Task item:
The required output is the exact text of the lines from the line containing "The starting point" through the final line below, inclusive, without pictures.

Exercise data:
------------------------------------------------

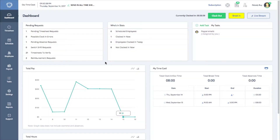Hi everyone, Melissa here with Time Clock Wizard. In this video I'll be showing you an overview of the timesheet tab so you can add a time record, edit a time record, and add time off.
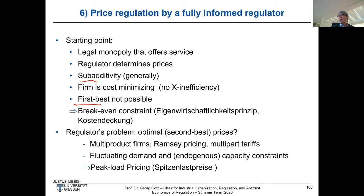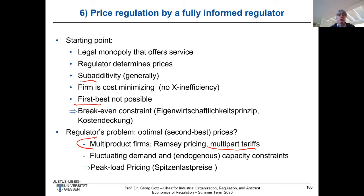The starting point is also that the first best is not possible — no price equal to marginal cost — because that would require transfers financed by some lump sum taxes. Instead, we have a break-even constraint: the firm needs sufficient revenue to cover its fixed cost. In Germany we would call that the Eigenwirtschaftlichkeitsprinzip. So the regulator's problem is a second-best problem, and the regulator has to determine the optimal prices. There are two cases: first, a multi-product firm for Ramsey-Boiteux pricing; and also multi-part tariffs, with the most important example being two-part tariffs.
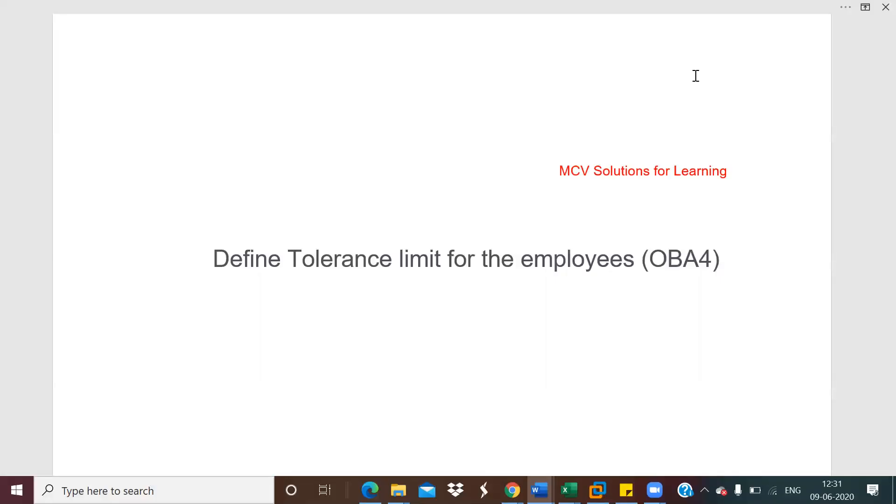Hi all, welcome to my channel again. In this session we will discuss how we can find the tolerance limit for the employees. For that, the transaction code is OBA4.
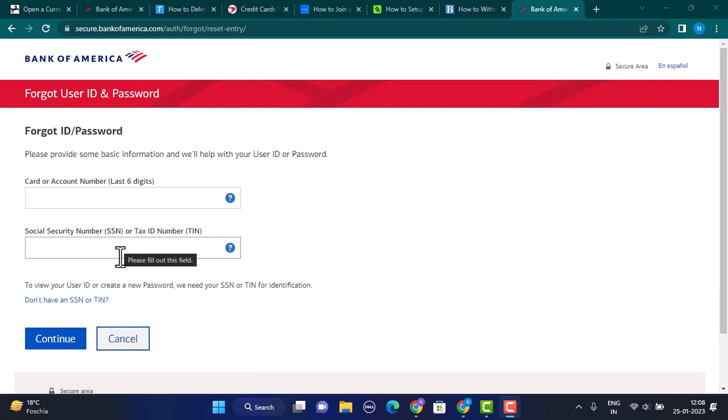So that is how you can log in to your Bank of America account with your card information. That's all for this video. I hope the video was helpful. Make sure to like, share, and subscribe to our channel. Thank you for watching.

------------------------------------------------

Written response:
The starting point is also that the first best is not possible — no price equal to marginal cost — because that would require transfers financed by some lump sum taxes. Instead, we have a break-even constraint: the firm needs sufficient revenue to cover its fixed cost. In Germany we would call that the Eigenwirtschaftlichkeitsprinzip. So the regulator's problem is a second-best problem, and the regulator has to determine the optimal prices. There are two cases: first, a multi-product firm for Ramsey-Boiteux pricing; and also multi-part tariffs, with the most important example being two-part tariffs.
Hi all, welcome to my channel again. In this session we will discuss how we can find the tolerance limit for the employees. For that, the transaction code is OBA4.
So that is how you can log in to your Bank of America account with your card information. That's all for this video. I hope the video was helpful. Make sure to like, share, and subscribe to our channel. Thank you for watching.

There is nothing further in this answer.